Happy New Year everyone!
Yesterday Michael Smith visited ANU and gave a fun paper called 'Two Kinds of Consequentialism'. Afterwards the pub conversation turned to whether epistemic 'ought' implies 'can'. My hunch is that many different things may be expressed by epistemic uses of 'ought' in different contexts, and (more familiarly) the same kind of thing goes for 'can'. And it might be that for each epistemic 'ought' there's a corresponding 'can' which it implies. Nonetheless, I suspect that all or most (or at least most of the common) uses of the epistemic 'ought' express things which don't imply the things usually expressed by 'can'.
There's a recipe for creating counterexamples to 'ought' implies 'can' in the epistemic case which helps convince me of this. Take your favourite case of someone holding an irrational belief that she epistemically ought not to hold. (E.g. Carrie's believing at 5.40pm that aliens are invading the Earth despite there being absolutely no evidence to that effect.) Then make it so that the subject's holding that belief is beyond her control in your favourite sense. (E.g. Specify that Daniel has attached a brain-manipulating device to Carrie's head so that when he presses his remote control button at 5.40pm she will start believing that aliens are invading the Earth, despite having absolutely no evidence to that effect.) These will be cases where the subject epistemically ought to refrain from believing the proposition in question yet it's not the case that she can refrain from believing it.

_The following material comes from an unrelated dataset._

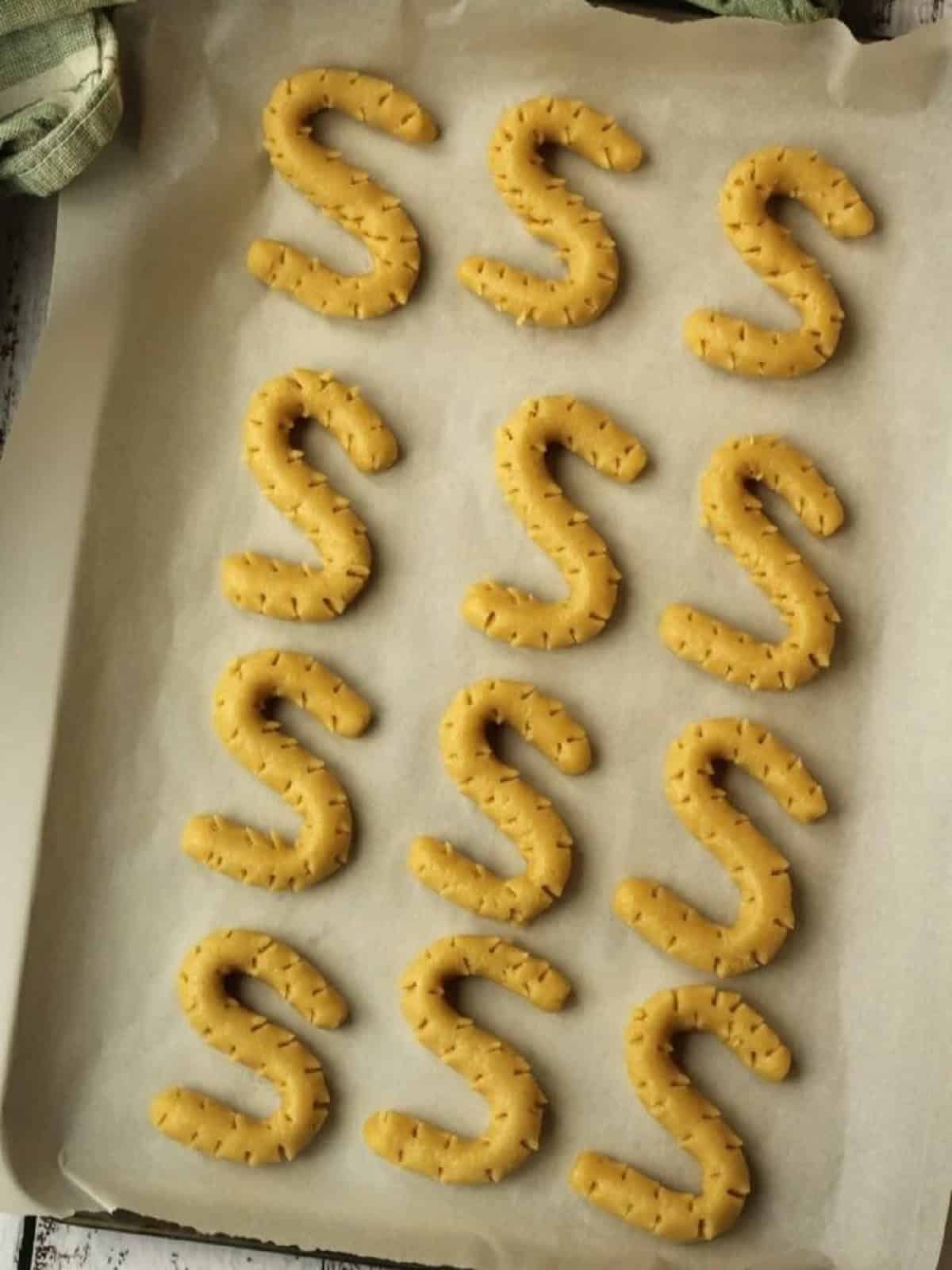 S cookie dough on baking sheet ready for the oven.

It seems to be possible to follow this recipe for various different kinds of epistemic 'ought' (corresponding to various notions of epistemic irrationality) and various kinds of everyday 'can's (corresponding to various notions of control). It doesn't work for the weak 'can' of bare metaphysical possibility, of course, but 'ought'-implies-'can' isn't very interesting unless the 'can' is at least a bit stronger than that.